4.  Recognize the major ethical challenges of operating in the multinational environment.

5.  Describe ISCT and the concepts of hypernorms and moral free space.

6.  Discuss strategies for improving global ethics.

7.  Enumerate international rights and moral guidelines for improving business operations in the global sphere.

TEACHING SUGGESTIONS

INTRODUCTION – This chapter serves dual purposes. First, it introduces the students to ethical issues in the global marketplace, including two infamous examples that demonstrate some of the difficulties encountered by operating in multiple nations. Second, it offers several takes on ways to improve ethical performance in the global economy, using four different popular strategies.

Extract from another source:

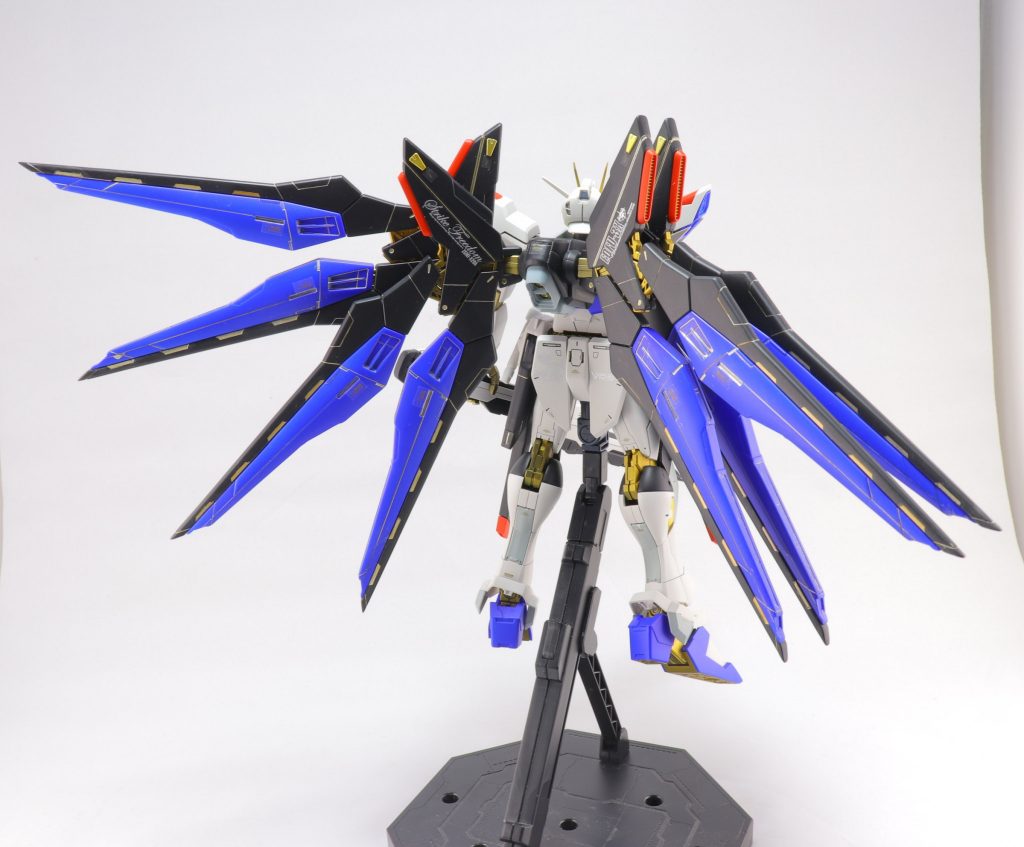 ドラグーンやバックパックはデカールが見えますが白装甲の部分は見づらいですね…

KEY TALKING POINTS – Students will likely have a vague notion of multinational corporations (MNCs) and the difficulties of operating in widely divergent nations and cultures. However, they are unlikely to know any of the details about cases like Nestlé and infant formula, or the Union Carbide Bhopal incident. The textbook offers concise synopses of both cases, which should be eye-opening revelations for most students. After spending a sizeable portion of the chapter identifying and discussing the ethical problems inherent in global operations, the authors then provide four strategies of improving ethical performance in multinational markets.

Some of the most intractable ethical issues arise in developing countries, due to the vast differences in the level (or stage) of economic development in the home and host countries. For example, a company based in the United States is more likely to encounter difficult ethical issues by operating in Sudan than if it opened a branch in Germany. Part of this difference in ethical standards is due to culture (northern European countries are more culturally similar to the United States than is Sudan), but a significant portion can also be traced to historic and continuing discrepancies in the position of countries in the world economy.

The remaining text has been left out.